Top of Recorded information

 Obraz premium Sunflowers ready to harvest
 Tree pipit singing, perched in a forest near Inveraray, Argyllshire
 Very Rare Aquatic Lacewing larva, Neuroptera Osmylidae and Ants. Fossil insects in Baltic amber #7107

Bottom of Recorded information
Top of Recorded information

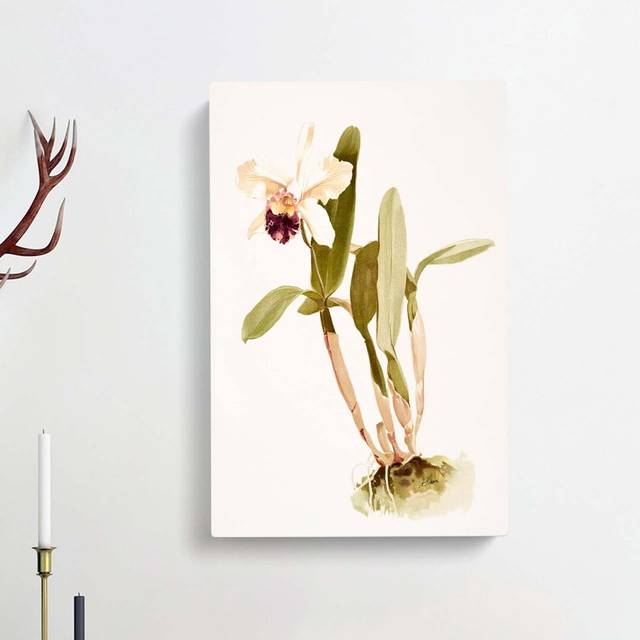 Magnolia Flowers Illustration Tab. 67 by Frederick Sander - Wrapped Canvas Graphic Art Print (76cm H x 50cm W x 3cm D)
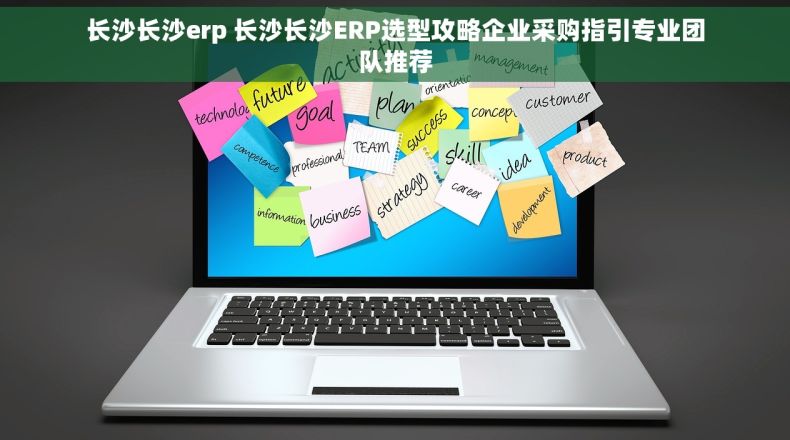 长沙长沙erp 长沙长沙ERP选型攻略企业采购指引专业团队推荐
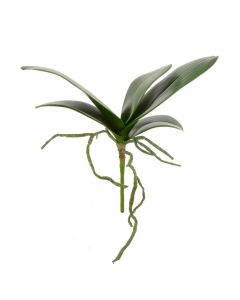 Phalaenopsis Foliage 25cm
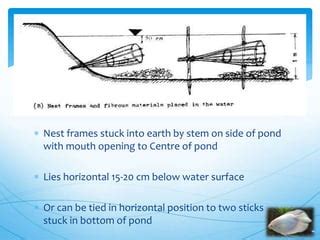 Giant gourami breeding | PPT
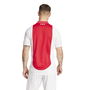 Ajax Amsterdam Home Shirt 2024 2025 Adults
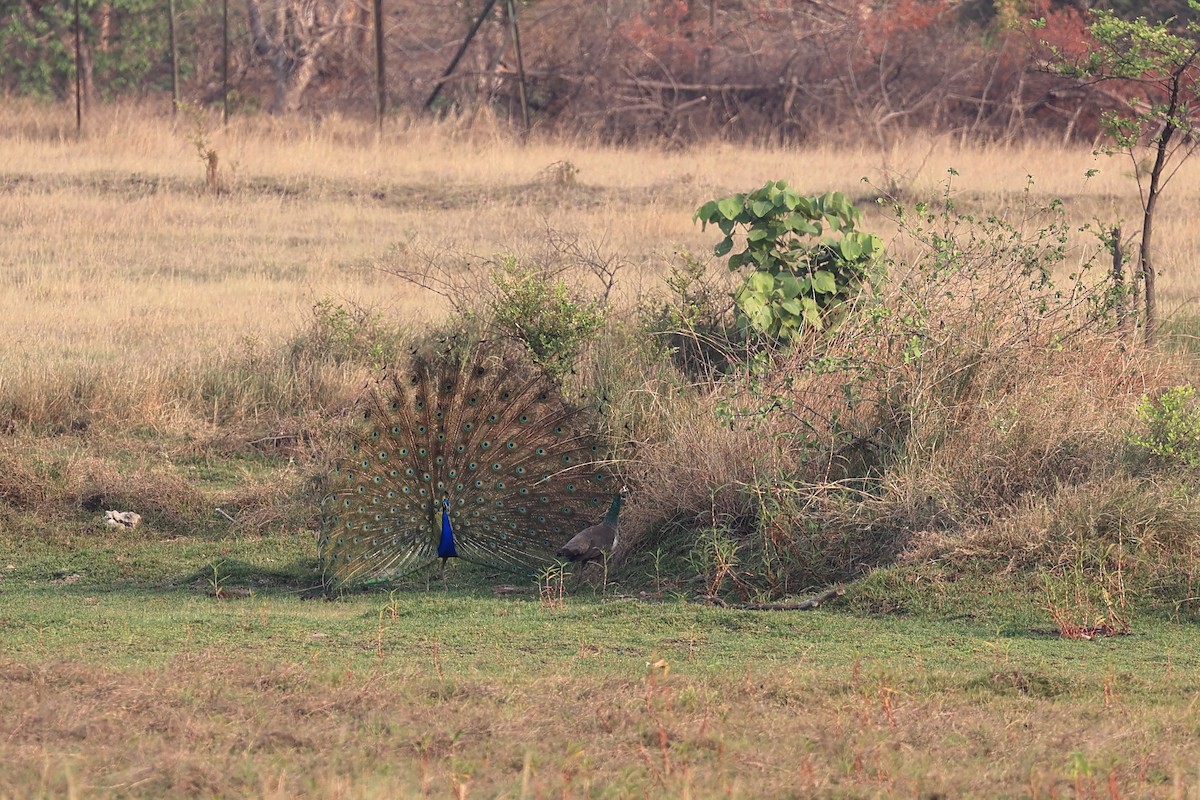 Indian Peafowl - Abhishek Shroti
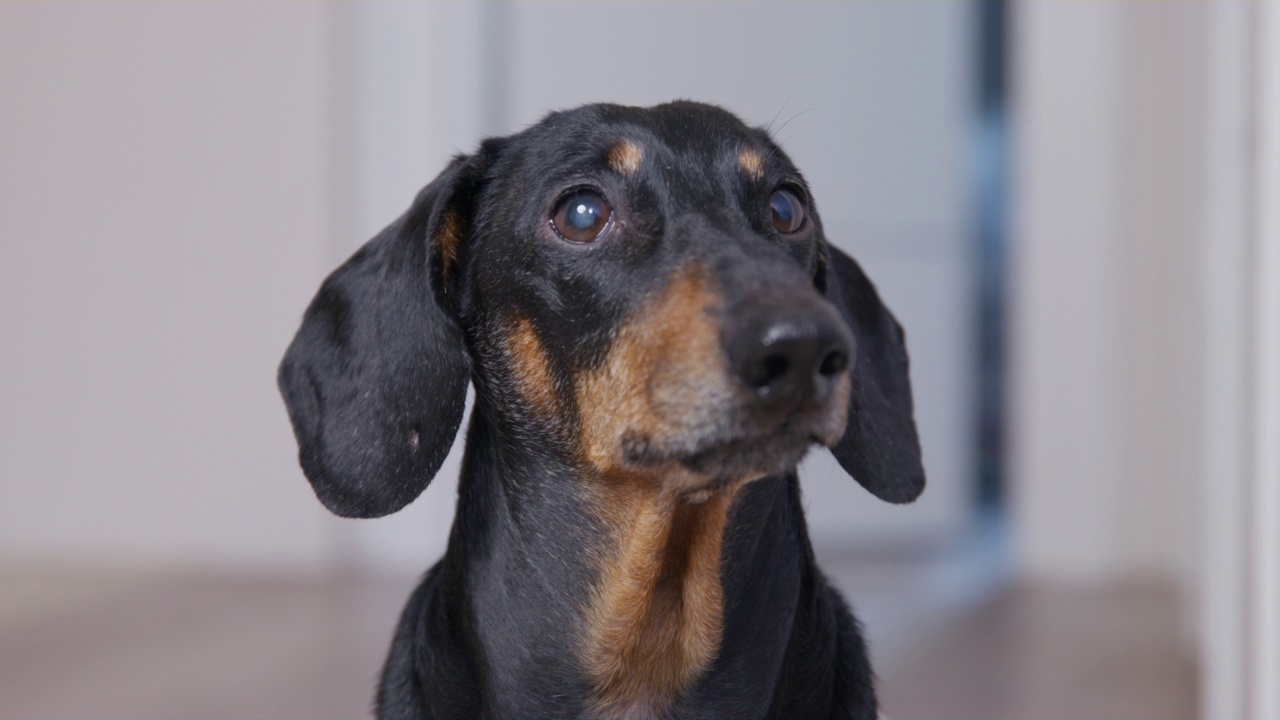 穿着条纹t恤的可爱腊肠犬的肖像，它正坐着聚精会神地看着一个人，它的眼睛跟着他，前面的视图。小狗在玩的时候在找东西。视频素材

Bottom of Recorded information

- _The problem_
To complete this exercise, transcribe exactly the lines above from the one that holds "Magnolia Flowers Illustration" through the one that holds "穿着条纹t恤的可爱腊肠犬的肖". Pictures stay out.

- _Answer box_
 Magnolia Flowers Illustration Tab. 67 by Frederick Sander - Wrapped Canvas Graphic Art Print (76cm H x 50cm W x 3cm D)
 长沙长沙erp 长沙长沙ERP选型攻略企业采购指引专业团队推荐
 Phalaenopsis Foliage 25cm
 Giant gourami breeding | PPT
 Ajax Amsterdam Home Shirt 2024 2025 Adults
 Indian Peafowl - Abhishek Shroti
 穿着条纹t恤的可爱腊肠犬的肖像，它正坐着聚精会神地看着一个人，它的眼睛跟着他，前面的视图。小狗在玩的时候在找东西。视频素材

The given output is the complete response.